** Input records follows **
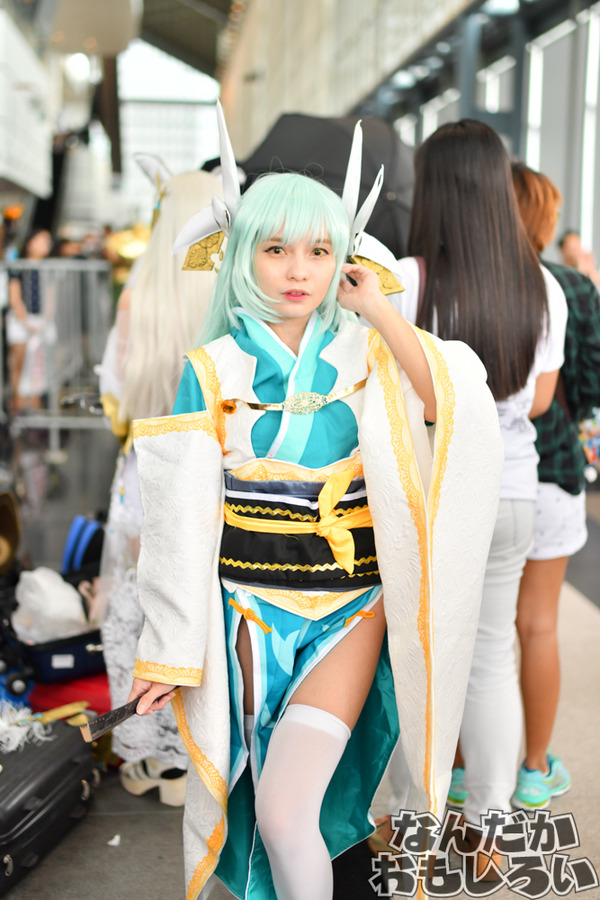 『C3AFAシンガポール2017』FGO・Fateシリーズのコスプレレポート_0743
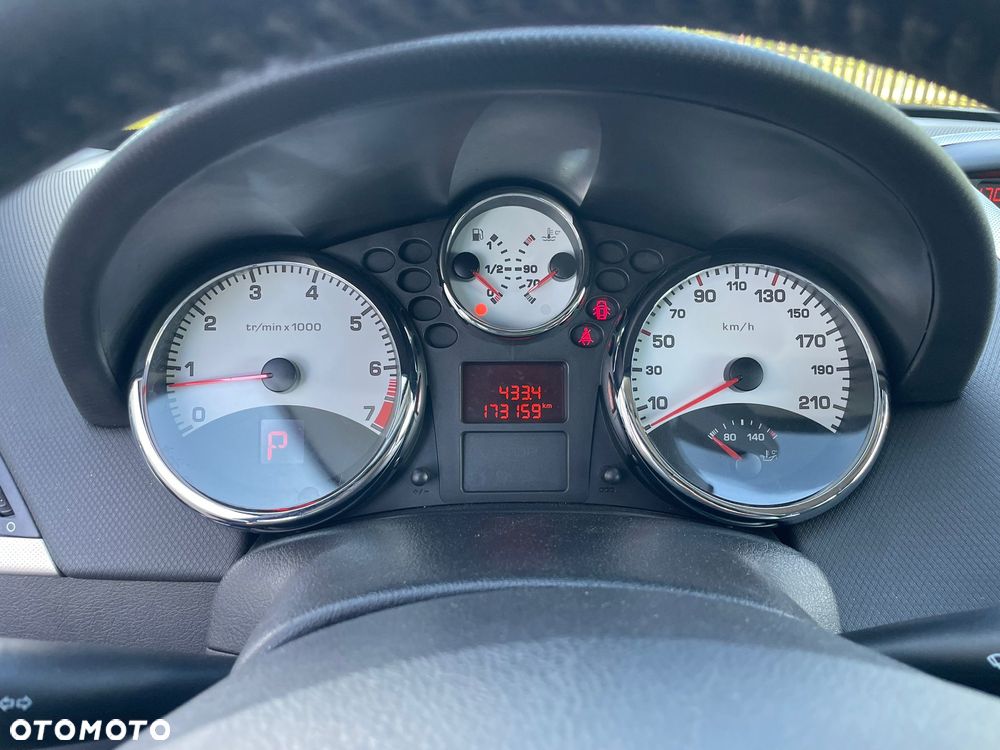 Peugeot 207 120 VTi Automatik Premium - 13
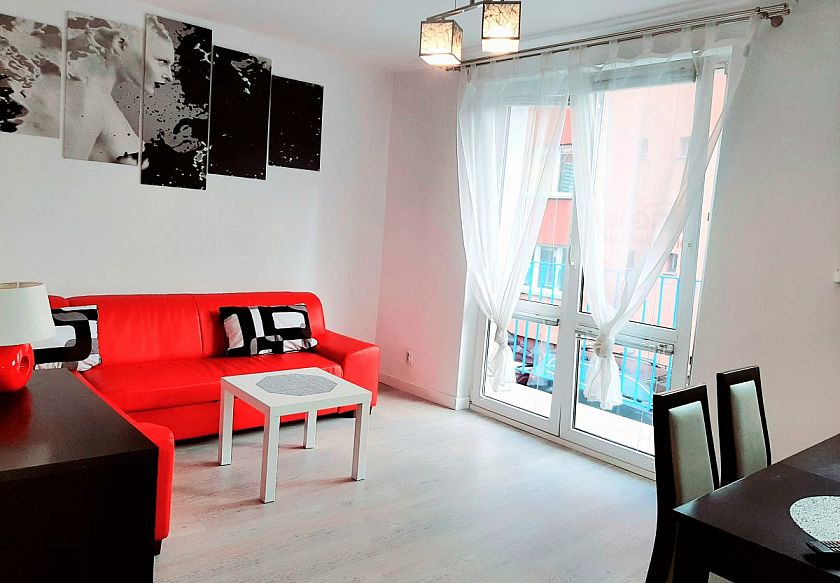 APARTAMENT 2 POKOJOWY
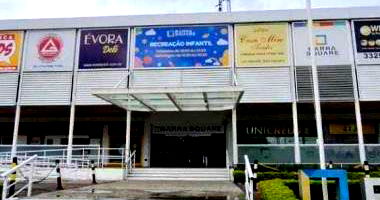 Sala Comercial no Barra Square - 30 m² - Ocupado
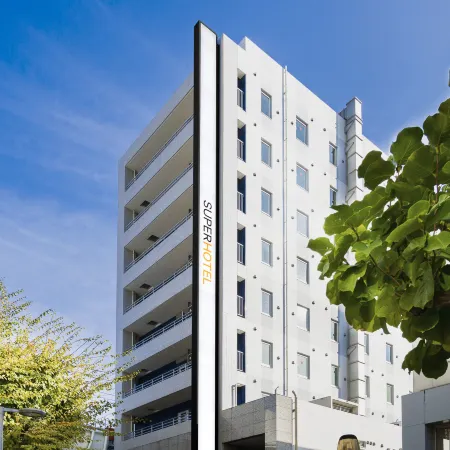 Superhotel Takamatsu Tamachi Отели рядом с достопримечательностью «Площадь Маритим»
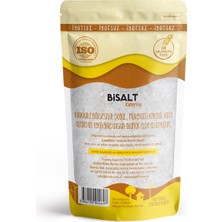 BİSALT Delice Kaya Tuzu Sofrada Öğütme 1500 g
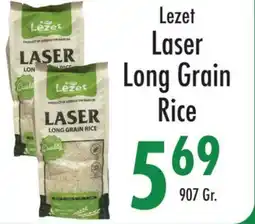 Garden Fresh Market Lezet Laser Long Grain Rice offer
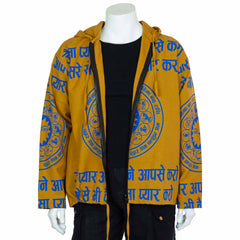 Good Karma Jacket-Siesta Crafts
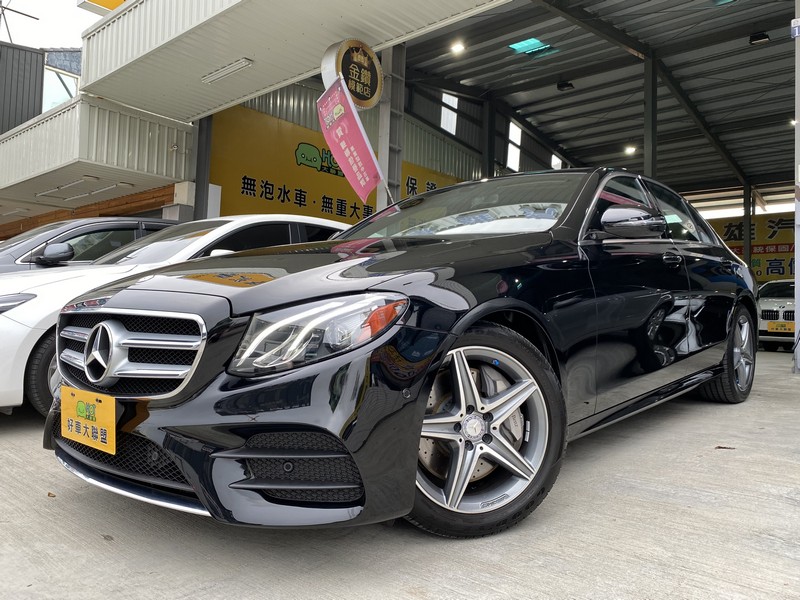 16出廠17年式benz 00amg 中古車優惠車款 Wewanted 購車好幫手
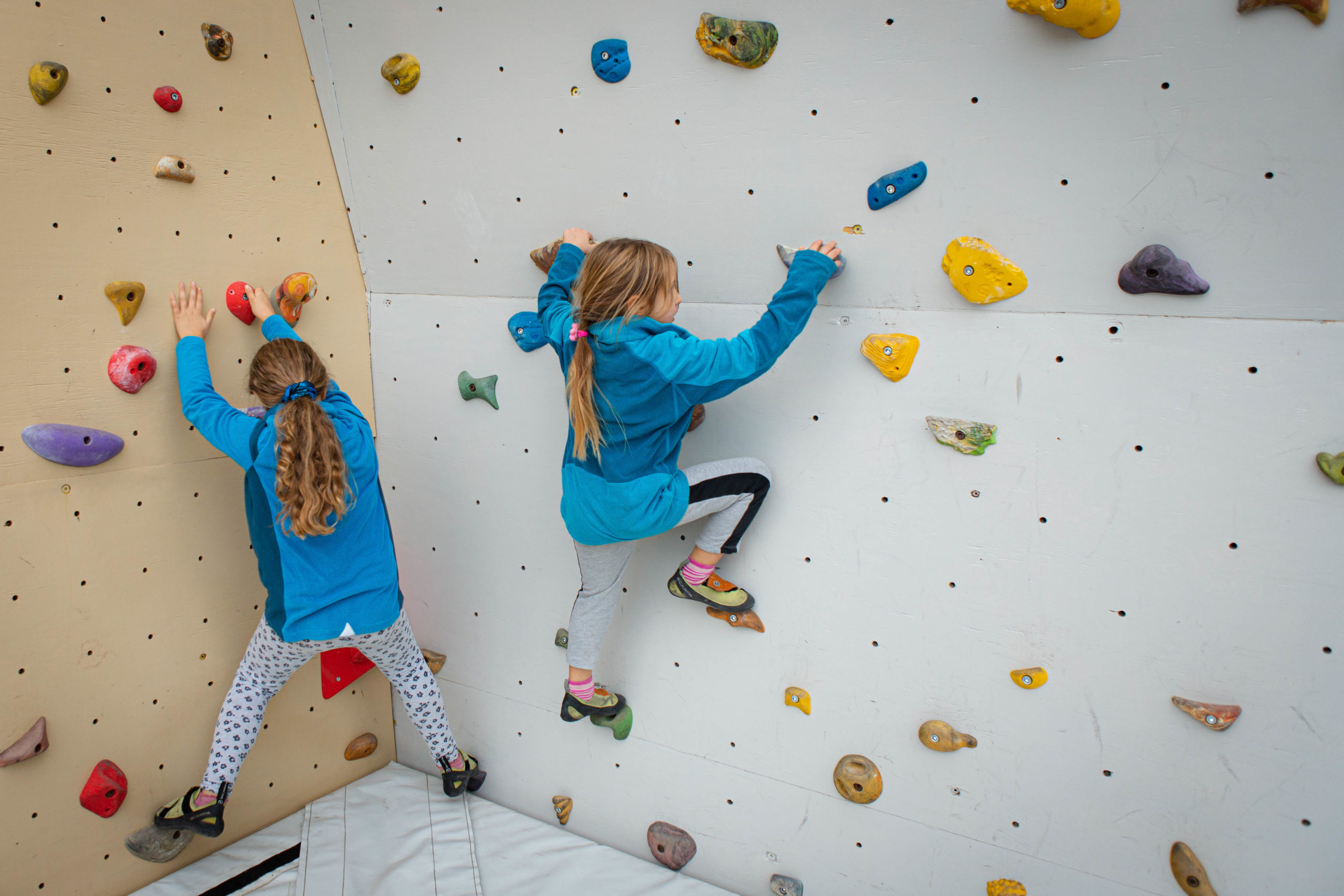 Arrampicata sportiva - Nuovi corsi indoor e outdoor per bambini e adulti! -  Triskell Climbing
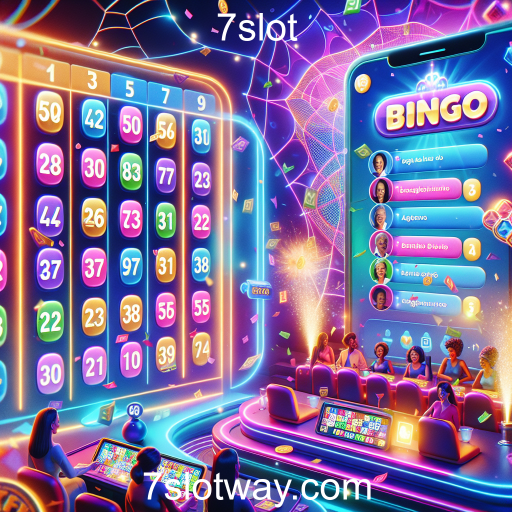 Descubra o Mundo do Bingo no 7slot: Diversão e Prêmios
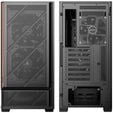 Antec P30 AIR PC Case, Mid Tower, ATX, Tempered Glass - black image number null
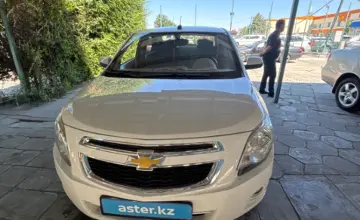 Chevrolet Cobalt 2022 года за 5 000 000 тг. в Талдыкорган фото 2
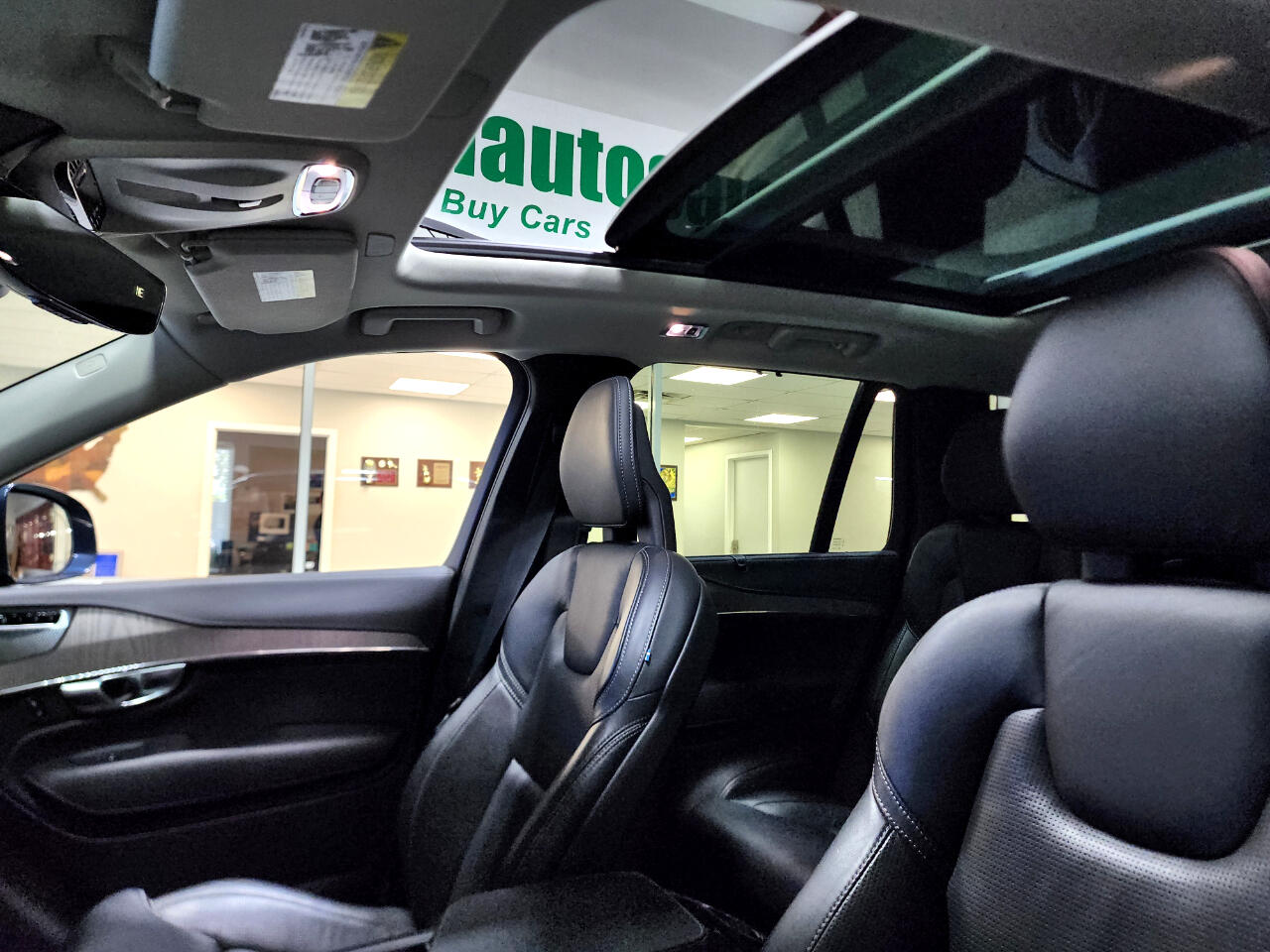 Volvo XC90 Recharge T8 eAWD PHEV Inscription 6P 2021 Volvo XC90 Recharge T8 eAWD PHEV Inscription 6P 2021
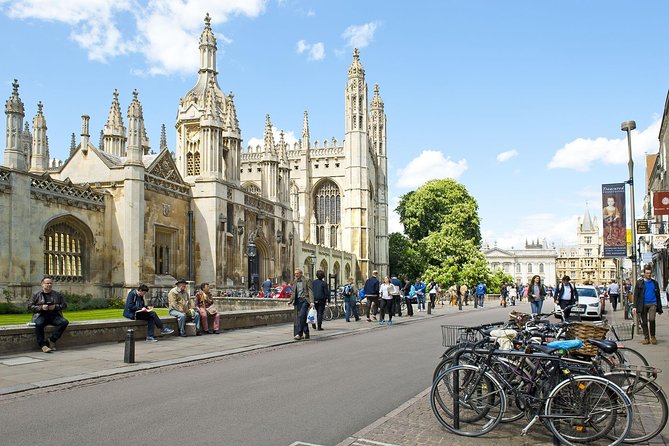 Oxford and Cambridge Universities Guided Day Trip from London - The Guide Can Make or Break the Day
** End of Input records **
#### About this exercise:
Pictures in the entries do not go into the copy. Print only the lines starting at the one containing "Arrampicata sportiva - Nuovi" and ending at the one containing "Chevrolet Cobalt 2022", exactly as they appear.

#### Reply to the exercise:
 Arrampicata sportiva - Nuovi corsi indoor e outdoor per bambini e adulti! -  Triskell Climbing
 Descubra o Mundo do Bingo no 7slot: Diversão e Prêmios
 Antec P30 AIR PC Case, Mid Tower, ATX, Tempered Glass - black image number null
 Chevrolet Cobalt 2022 года за 5 000 000 тг. в Талдыкорган фото 2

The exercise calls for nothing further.